0.02≤(0.5×[Sn]+[Sb])<([Ba]+[Y]) [Formula 1]
(In Formula 1, [Sn], [Sb], [Ba], and [Y] mean contents (wt %) of Sn, Sb, Ba, and Y, respectively.)
Ni at 0.02 to 0.5 wt %
Nickel (Ni) improves a hot-rolled sheet structure, reinforces roles of Sn and Sb to reinforce the inhibitor to increase the secondary recrystallization initiation temperature, and stably forms the secondary recrystallization to contribute to manufacturing a grain-oriented electrical steel sheet with excellent magnetic properties. As described above, when Ni is added together with Sb and Sn, the segregation of Sb and Sn may be enhanced to further increase the Goss fraction in the primary recrystallized texture. In the case of adding Ni, when too little is added, its action is difficult to be properly exhibited. In the case of adding Ni, when it is excessively contained, the primary recrystallized texture may deteriorate, so that the magnetic properties may deteriorate. Therefore, Ni may be included in an amount of 0.02 to 0.5 wt %. Specifically, it may be included in an amount of 0.03 to 0.3 wt %.
The aforementioned Sn, Sb, and Ni may each be included in the above-described range, or two or more thereof may be included. Specifically, Sn may be included alone, Sb may be included alone, or Ni may be included alone. When two or more thereof are included, Sn or Sb may be included and Ni may be included, or both Sn and Sb may be included. It is also possible to contain all of Sn, Sb, and Ni.

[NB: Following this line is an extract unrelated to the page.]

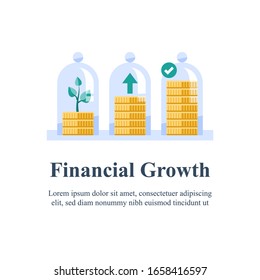Pension fund, saving money, fund raising, long term investment, interest rate, earn more, revenue increase, income growth, capital allocation, safety or security, financial success, vector flat icon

The grain-oriented electrical steel sheet according to the embodiment of the present invention may further include one or more of C at 0.005 wt % or less and N at 0.0055 wt % or less. As described above, when the additional elements are further included, they replace the balance of Fe.
C at 0.005 wt % or less
Carbon (C) is required in the manufacturing, but plays a detrimental role in products. As an austenite stabilizing element during the manufacturing process, it refines a coarse columnar structure occurring during a soft casting process by causing a phase change at a temperature of 900° C. or higher and inhibits a sulfur's slab center segregation. It also promotes work-hardening of the steel sheet during cold rolling, thereby promoting the formation of secondary recrystallization nuclei in {110}<001> orientation in the steel sheet. Therefore, there is no big restriction on the amount of addition, but when the slab contains too little carbon, the effect of phase transformation and process hardening may not be obtained, and when too much is added, a hot-rolled edge-crack occurs, causing problems in the work and the load of the decarburization process during decarburization annealing after cold rolling. Therefore, the C content in slab may be 0.001 to 0.1 wt %. Carbon remains at 0.005 wt % or less through the decarburization process, and specifically, it is reduced in an amount of 0.003 wt % or less. Therefore, in the embodiment of the present invention, the electrical steel sheet may further include 0.005 wt % or less of C.
N at 0.0055 wt % or less
N is an element that reacts with Al to form precipitates of AlN, (Al, Mn)N, (Al,Si,Mn)N, and Si3N4, and the formation of AlN is actively inhibited by actively inhibiting the content of Al. As described above, in the embodiment of the present invention, since it acts as an inhibitor by segregation of Ba and/or Y, no precipitate is particularly required for the secondary recrystallization.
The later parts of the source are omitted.